13.6 Globalization of Media
Learning Objectives
- Identify three ways that technology has helped speed globalization.
- Explain how media outlets employ globalization to their advantage.
- Describe some advances that can be made in foreign markets.
The media industry, in many ways, works perfectly to advance globalization, or the spread of global trade without regard for traditional political borders. As discussed above, the low marginal costs of media mean that reaching a wider market creates much larger profit margins for media companies. Because information does not exist as a physical tangible commodity, media companies have generally inconsequential shipping costs compared to all other industries. Finally, the global reach of media allows its relevance to span across many different countries. Technology allows for quick communication, fast and coordinated transport, and efficient mass marketing, all of which have allowed globalization—especially globalized media—to take hold.
Globalized Culture, Globalized Markets
Much globalized media content comes from the West, particularly from the United States.

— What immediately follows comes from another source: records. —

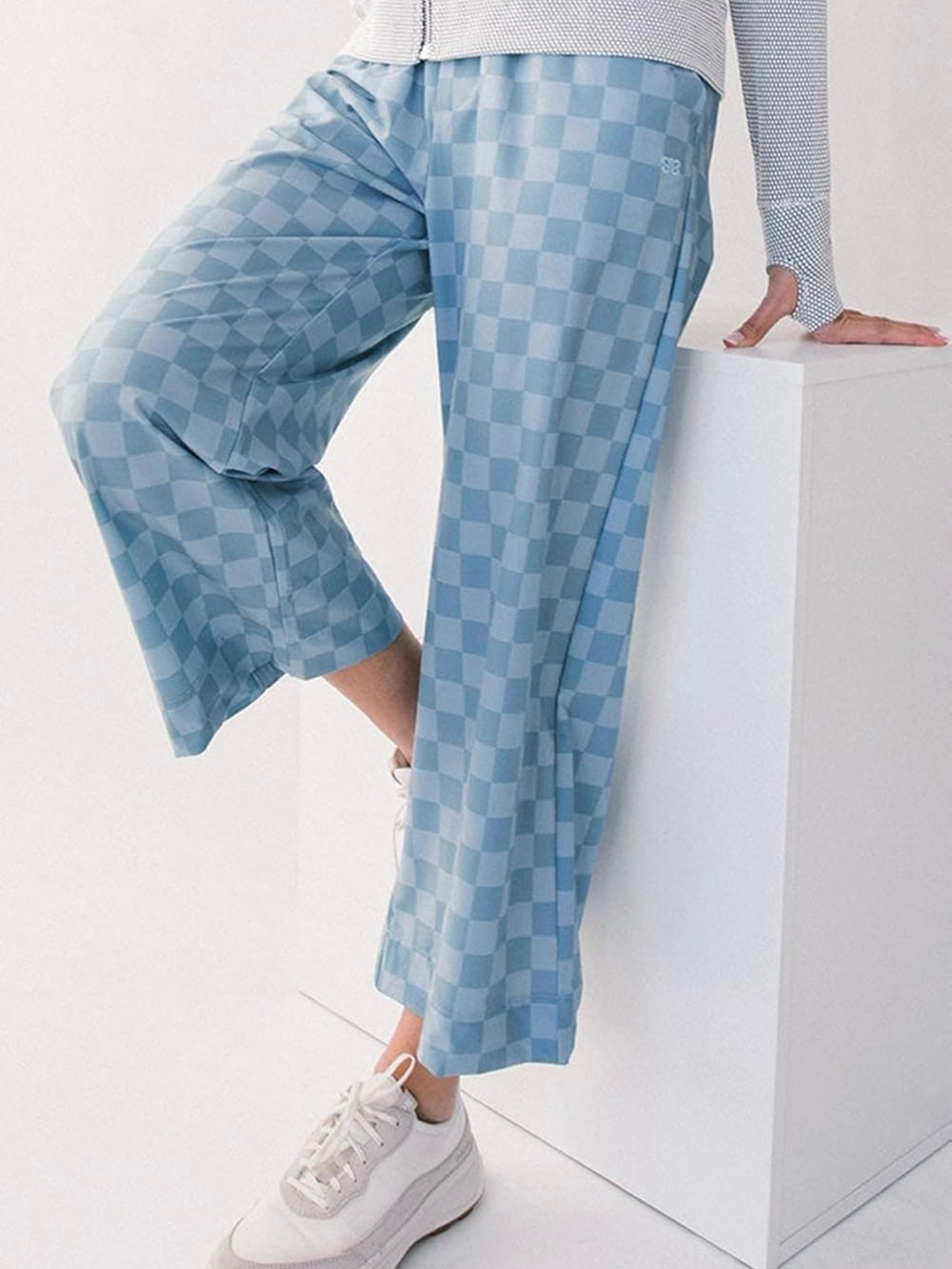 Checked Cropped Wide-Leg Pants in Light Blue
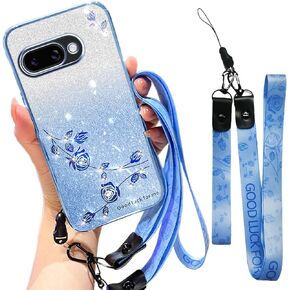 لحالة Google Pixel 9A ، بريق مع Crossbody Lanyard للنساء ، Bling Flower Flowers Floral TPU ناعمة تغطية واضحة مع معصم حزام الكتف لـ Google Pixel 9A-Tyss Pink in Kuwait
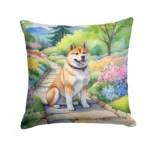 Akita Spring Garden Throw Pillow - 18x18 Decorative, Water-Resistant & Fade-Resistant, Perfect for Indoor/Outdoor Use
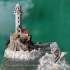 Lighthouse on a rock, low-poly functional edition. print image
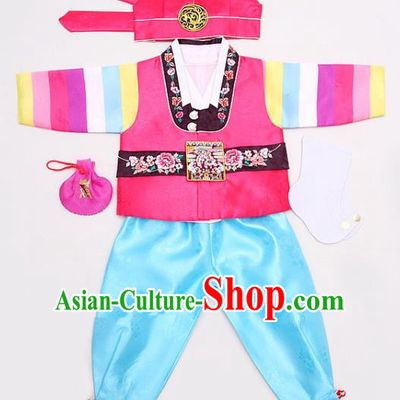 Korean Traditional Hanbok Clothing Korean Boys Hanbok Costumes Pink Shirt and Blue Pants for Kids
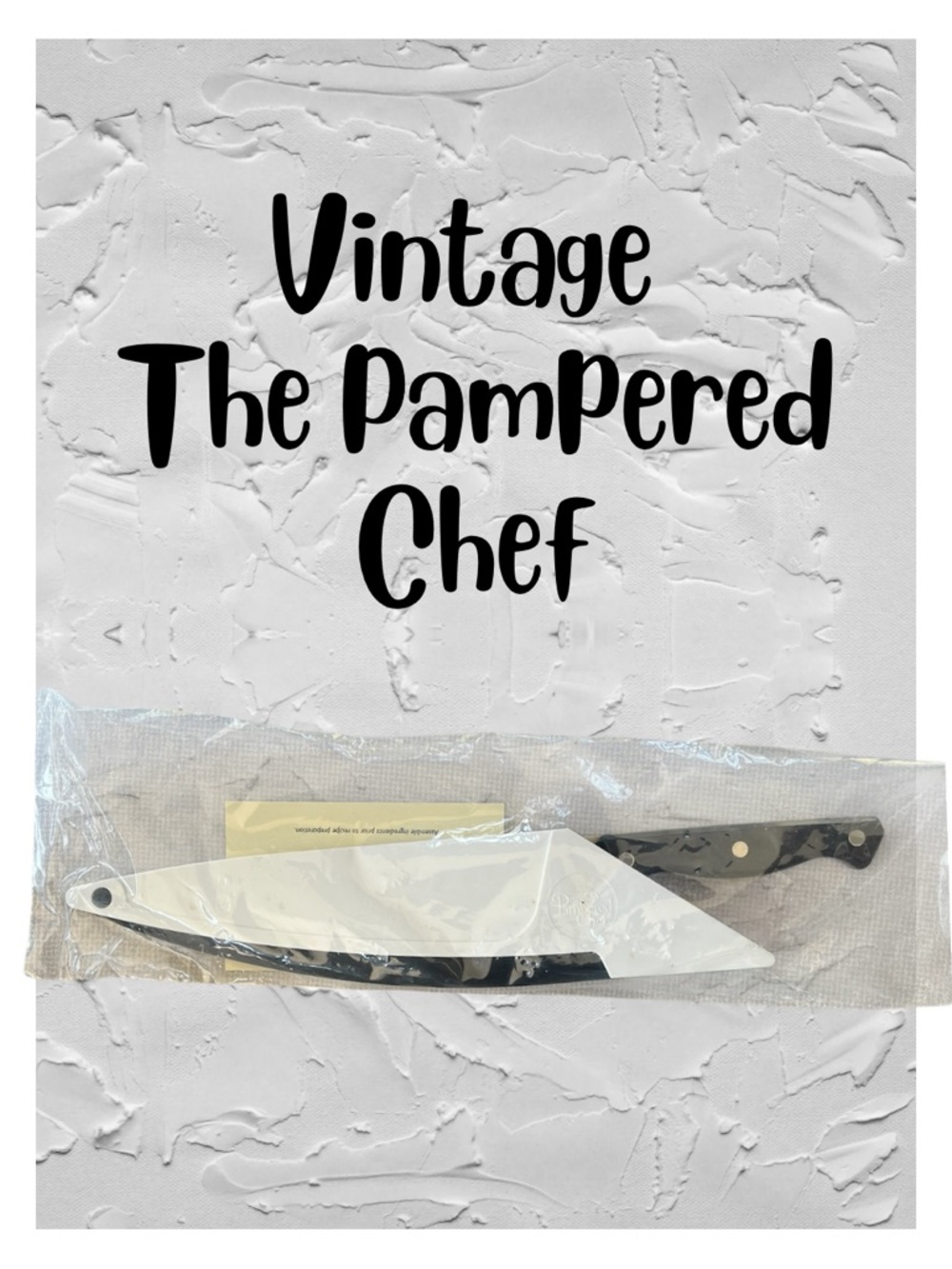 Vintage The Pampered Chef 14” Self Sharpening Chefs Knife Stainless Blade 1047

Driven by advertising, U.S. culture and media have a strong consumerist bent (meaning that they encourage the ever-increasing consumption of goods as an economic virtue), thereby possibly causing foreign cultures to increasingly develop consumerist ideals. Therefore, the globalization of media could not only provide content to a foreign country but may also create demand for U.S. products and ideologies. Some believe that this will “contribute to a one-way transmission of ideas and values that result in the displacement of indigenous cultures (Santos, 2001).”
Globalization as a world economic trend generally refers to the lowering of economic trade borders, but it has much to do with culture as well. Just as transfer of industry and technology often encourages outside influence through the influx of foreign money into the economy, the transfer of culture opens up these same markets. As globalization takes hold and a particular community becomes more like the United States economically, this community may also come to adopt and personalize U.S. cultural values. The outcome of this spread can result in homogenization (the local culture becomes more like the culture of the United States) or heterogenization (aspects of U.S. culture come to exist alongside local culture, causing the culture to become more diverse), or even both, depending on the specific situation (Rantanen, 2005).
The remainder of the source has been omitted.